Nah, di dalam literatur fikih ada istilah “istihalah” yang bermakna perubahan sifat benda karena adanya perubahan wujud atau dzat benda tersebut.

Sebagai contoh, perasan anggur pada awalnya bersifat suci baik wujud maupun dzatnya. Tapi, ketika perasan anggur tersebut berubah dzatnya menjadi arak yang bersifat najis, maka sifat perasan anggur tersebut juga berubah menjadi najis.

Hal itu juga berlaku pada barang perabot rumah tangga. Misalnya, keramik/porselen Fine Bone bikinan Cina yang salah satu komposisi pembuatannya menggunakan tulang babi.

Keramik/porselen tersebut pada awalnya memang bersifat suci, tapi setelah terkontaminasi unsur tulang babi, sifatnya pun berubah menjadi najis.

Menurut fikih mazhab Imam Syafi’i, istihalah tidak dapat mengubah dzat yang pada mulanya najis menjadi suci, kecuali dalam beberapa kondisi seperti bangkai yang disamak (selain babi dan anjing), arak yang berubah menjadi cuka secara alami, dan darah rusa yang berubah menjadi minyak misik.

Jadi, bisa dibayangkan jika ada sebuah produk daya-guna yang dalam proses produksinya terkontaminasi oleh hal-hal yang bersifat najis seperti babi dan anjing. Tentu saja, sifat produk tersebut akan berubah mengikuti sifat dari hal-hal najis tersebut.

Nah, setidaknya inilah satu alasan mengapa sertifikasi halal untuk barang daya guna sangat penting. Dengan adanya sertifikasi halal, kita bisa memastikan bahwa produk-produk tersebut bebas dari unsur-unsur yang bersifat najis dan aman digunakan oleh umat muslim.

Jadi kita harus jeli dan waspada terhadap hal-hal yang bisa mengubah dzat dan sifat barang menjadi najis.

Apalagi bagi seorang muslim, najis adalah hal yang (harus) dihindari. Hal ini setidaknya karena dua alasan: makanan dan salat.

Makanan yang terkena najis (atau dihukumi najis) memiliki status haram dikonsumsi, sementara salat tidak sah jika terdapat najis pada badan, pakaian, atau tempat salat.

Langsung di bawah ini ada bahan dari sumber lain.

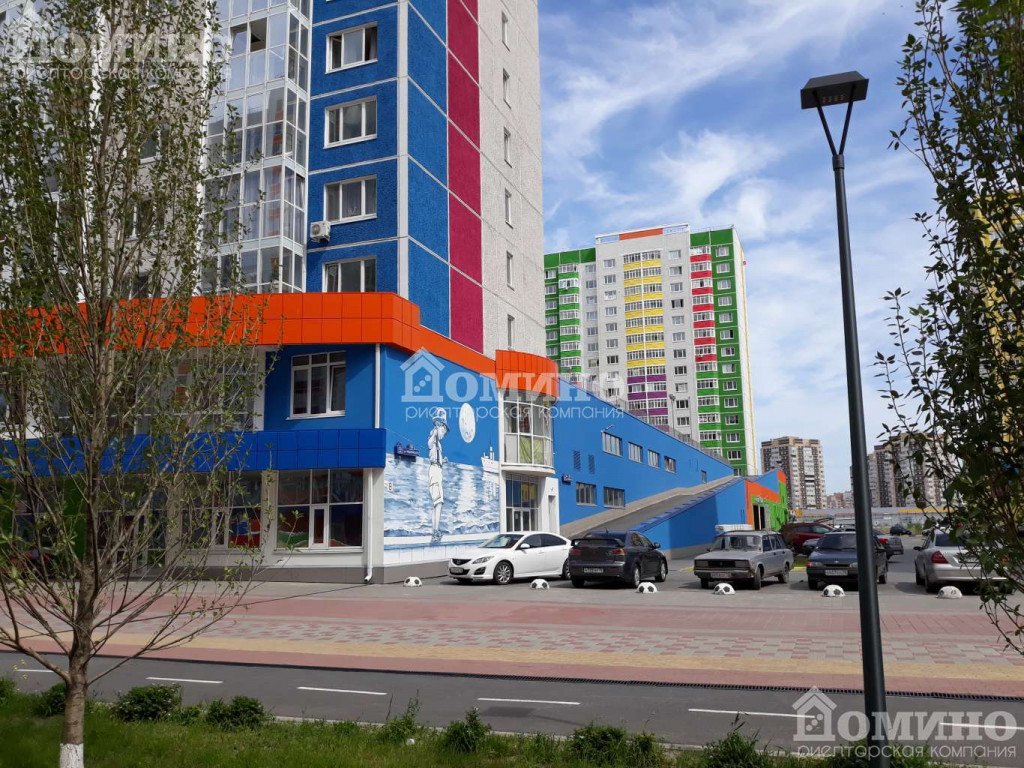 ЖК «1-комн. квартира»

Syekh Zainuddin al-Malibari dalam kitab Fathul Mu’in menjelaskan hukum menghindari najis:

ولا يجب اجتناب النجس في غير الصلاة، ومحله في غير التضمخ به في بدن أو ثوب فهو حرام بلا حاجة

Maknanya kurang lebih: seseorang tidak diwajibkan untuk menghindari najis kecuali ketika salat, dan tidak diperbolehkan seorang individu sengaja menyentuhkan badan atau pakaian mereka dengan najis tanpa adanya tujuan yang dilegalkan oleh Syariat.

Dasar-dasar itulah yang kemudian menjadi urgensi sertifikasi dan standarisasi halal untuk produk barang daya guna. Sebab, lembar sertifikasi halal itulah yang menjadi jaminan suatu produk tidak mengalami istihalah (dari suci jadi najis) lantaran kontaminasi unsur najis yang terdapat di dalam proses pembuatannya.

BPJH selaku perpanjangan tangan dari pemerintah berhak menyertakan barang daya guna masuk ke dalam produk yang harus punya lisensi halal, sebagai langkah preventif untuk mengamankan produk dari kontaminasi unsur najis yang mengistihalahi benda tersebut.

Apalagi, saat ini Indonesia sedang ada di tengah misi untuk menjadi pusat produk halal dunia, yang kemungkinan besar (akan) membuka kran pemasaran produk halal itu ke luar negeri. Tentunya, sertifikasi dan standarisasi halal barang daya guna jadi hal yang (memang) dibutuhkan sebagai asuransi produk halal untuk pasar muslim di negara minoritas Islam.

Memang, urgensi sertifikasi halal produk daya guna tidak begitu tampak di negara mayoritas muslim terbesar dunia. Seolah produk atau barang yang diedarkan dan dijual (selalu) halal dan bebas dari istihalah. Tapi, benarkah demikian?